INSTRUCTIONS FOR THE TASK - Return each line of the records below that contains the word "Green".

DATA IN THIS EXERCISE -
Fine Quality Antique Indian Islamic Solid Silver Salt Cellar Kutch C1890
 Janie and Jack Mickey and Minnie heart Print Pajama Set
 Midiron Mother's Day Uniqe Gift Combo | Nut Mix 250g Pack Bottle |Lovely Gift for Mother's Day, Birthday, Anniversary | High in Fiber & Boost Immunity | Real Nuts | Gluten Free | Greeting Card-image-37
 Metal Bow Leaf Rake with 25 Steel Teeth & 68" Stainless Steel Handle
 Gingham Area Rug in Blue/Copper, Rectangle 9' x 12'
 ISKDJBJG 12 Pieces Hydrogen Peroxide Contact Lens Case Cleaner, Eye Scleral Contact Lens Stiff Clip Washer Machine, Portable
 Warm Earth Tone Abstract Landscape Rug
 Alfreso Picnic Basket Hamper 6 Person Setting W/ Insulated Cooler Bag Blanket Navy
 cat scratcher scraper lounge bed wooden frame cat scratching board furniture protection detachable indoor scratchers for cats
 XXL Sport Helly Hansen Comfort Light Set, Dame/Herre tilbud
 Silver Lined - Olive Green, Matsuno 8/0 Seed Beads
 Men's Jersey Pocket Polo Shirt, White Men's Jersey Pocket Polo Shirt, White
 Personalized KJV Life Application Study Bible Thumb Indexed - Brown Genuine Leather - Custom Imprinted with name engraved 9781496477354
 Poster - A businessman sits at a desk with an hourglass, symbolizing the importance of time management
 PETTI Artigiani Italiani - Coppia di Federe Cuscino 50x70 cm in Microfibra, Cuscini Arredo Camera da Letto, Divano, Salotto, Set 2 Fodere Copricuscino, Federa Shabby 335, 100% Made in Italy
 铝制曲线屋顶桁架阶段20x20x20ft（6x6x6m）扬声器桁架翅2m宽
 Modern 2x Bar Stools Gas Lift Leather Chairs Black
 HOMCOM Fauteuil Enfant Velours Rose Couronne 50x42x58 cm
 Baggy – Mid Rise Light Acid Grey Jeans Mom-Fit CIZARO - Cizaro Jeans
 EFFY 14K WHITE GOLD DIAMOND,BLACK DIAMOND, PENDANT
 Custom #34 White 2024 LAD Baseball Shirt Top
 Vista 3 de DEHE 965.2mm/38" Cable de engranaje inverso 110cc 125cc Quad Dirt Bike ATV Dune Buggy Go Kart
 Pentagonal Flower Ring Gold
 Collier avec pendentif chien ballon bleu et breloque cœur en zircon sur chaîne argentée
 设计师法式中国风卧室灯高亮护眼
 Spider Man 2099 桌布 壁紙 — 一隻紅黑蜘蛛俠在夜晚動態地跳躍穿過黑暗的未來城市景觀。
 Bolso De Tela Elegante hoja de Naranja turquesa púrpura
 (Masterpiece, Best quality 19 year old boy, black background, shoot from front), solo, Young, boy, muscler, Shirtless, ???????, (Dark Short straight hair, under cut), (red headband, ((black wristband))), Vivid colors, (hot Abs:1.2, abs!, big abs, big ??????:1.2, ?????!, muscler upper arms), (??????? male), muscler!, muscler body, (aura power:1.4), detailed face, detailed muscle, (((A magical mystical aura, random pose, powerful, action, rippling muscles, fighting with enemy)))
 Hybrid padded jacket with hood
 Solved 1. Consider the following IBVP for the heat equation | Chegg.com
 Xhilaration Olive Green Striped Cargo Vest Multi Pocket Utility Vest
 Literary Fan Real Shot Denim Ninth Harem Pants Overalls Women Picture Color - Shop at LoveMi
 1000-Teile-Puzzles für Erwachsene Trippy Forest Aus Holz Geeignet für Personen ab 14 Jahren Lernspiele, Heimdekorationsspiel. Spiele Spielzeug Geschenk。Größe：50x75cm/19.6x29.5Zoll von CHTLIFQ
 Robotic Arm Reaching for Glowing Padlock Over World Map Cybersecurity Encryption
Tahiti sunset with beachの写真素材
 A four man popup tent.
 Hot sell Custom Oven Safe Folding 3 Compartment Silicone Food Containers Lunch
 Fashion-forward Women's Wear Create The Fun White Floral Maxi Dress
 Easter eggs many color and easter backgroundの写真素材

OUTPUT FOR THIS TASK -
 Silver Lined - Olive Green, Matsuno 8/0 Seed Beads
 Xhilaration Olive Green Striped Cargo Vest Multi Pocket Utility Vest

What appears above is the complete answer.